Article

Diary of a Freshman

May 1933 A. P. Butler '36
Article
Diary of a Freshman
May 1933 A. P. Butler '36

We left oft' last month just as hour exams were in full swing. Without doubt they took their toll as usual and yet they proved encouraging to some of us. In the election of class officers we managed to make up our minds after having tasted a bit of real campaigning coupled with all its folly—but then what else can be done under the circumstances? The anxious waiting for vacation finally ended as we trekked homeward on the last day of March. Theoretically the second vacation since we have been here, and it helped a great deal to relieve that heavy feeling of monotony which seems to be synonymous with the early spring in Hanover. Returning to college with an eye for spring after the sloppy season, we were greeted by almost two feet of snow on the first night back here.
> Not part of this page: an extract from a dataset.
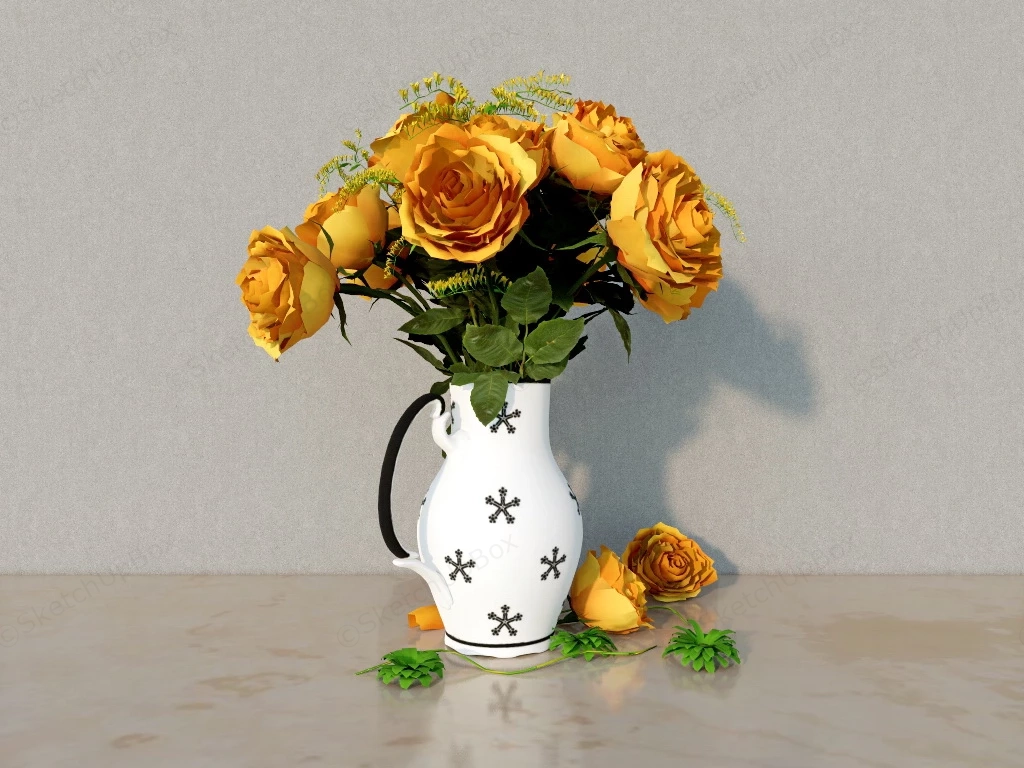 Yellow Roses Flower Arrangement sketchup model preview - SketchupBox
That sort of thing, it would seem, just must happen and it brought many a cuss-word; but at present the snow is fast sinking into the ground.
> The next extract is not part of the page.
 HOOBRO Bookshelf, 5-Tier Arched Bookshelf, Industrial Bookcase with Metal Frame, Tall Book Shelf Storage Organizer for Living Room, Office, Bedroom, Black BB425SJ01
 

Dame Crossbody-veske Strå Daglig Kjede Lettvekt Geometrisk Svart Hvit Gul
Spring football practice is knocking at the door, but we need solid ground for that and so must wait awhile longer. Meanwhile the varsity ball team has opened the season with an 8-2 win over Wesleyan. With but two outdoor sessions the team has started off right and today they open their official league season against Yale and Mr. Broaca. Most anything is liable to happen to the league this year—Harvard has joined, but otherwise it's still the same old league. Well hope for a winner and look for the best. The freshman baseballers are still at work in the confines of the gym cage. What the prospects are, we can't say. Lacrosse has taken its first set-back because of the snow and the game to open the year has been postponed. Good old snow!—and what a whale of a difference just a few feet make!
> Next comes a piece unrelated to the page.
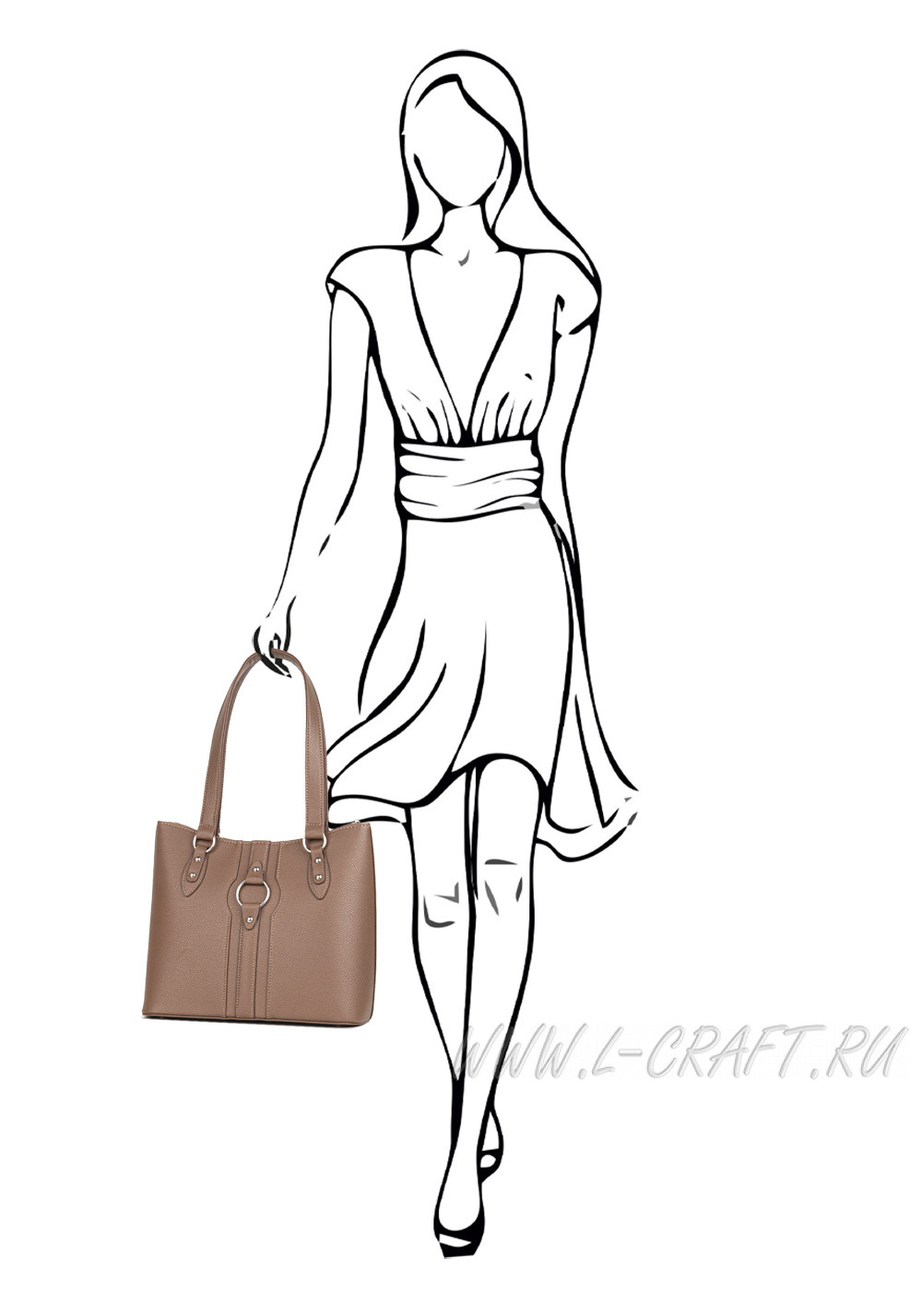 Сумка женская из кожзам. Модель №1447 - L-craft фото 7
With the coming of senior canes to the streets about town we suspect that it may be soon that our freshman hats will pass out—that is, what is left of them. We are finally starting down the home stretch of our first year. In many cases the spring will mean hard work to overcome short callings of bygone weeks and months. It will round out our life at Dartmouth. We will have seen a bit of everything during a full college year, and yet again it may bring "fever" and trouble for our marks. That, at least, is something to keep in mind and guard against. At any rate, we are reminded of the nearness of the end as we are called upon to pick our sophomore courses. We have had about seven months of college. It is hard to say just what it has done for us, hard even to say what we have learned, but surely we have absorbed something and all the more successfully if it does not mark us with newness, but rather has become a part of us, a gradual absorption of a broader intellectual and social life.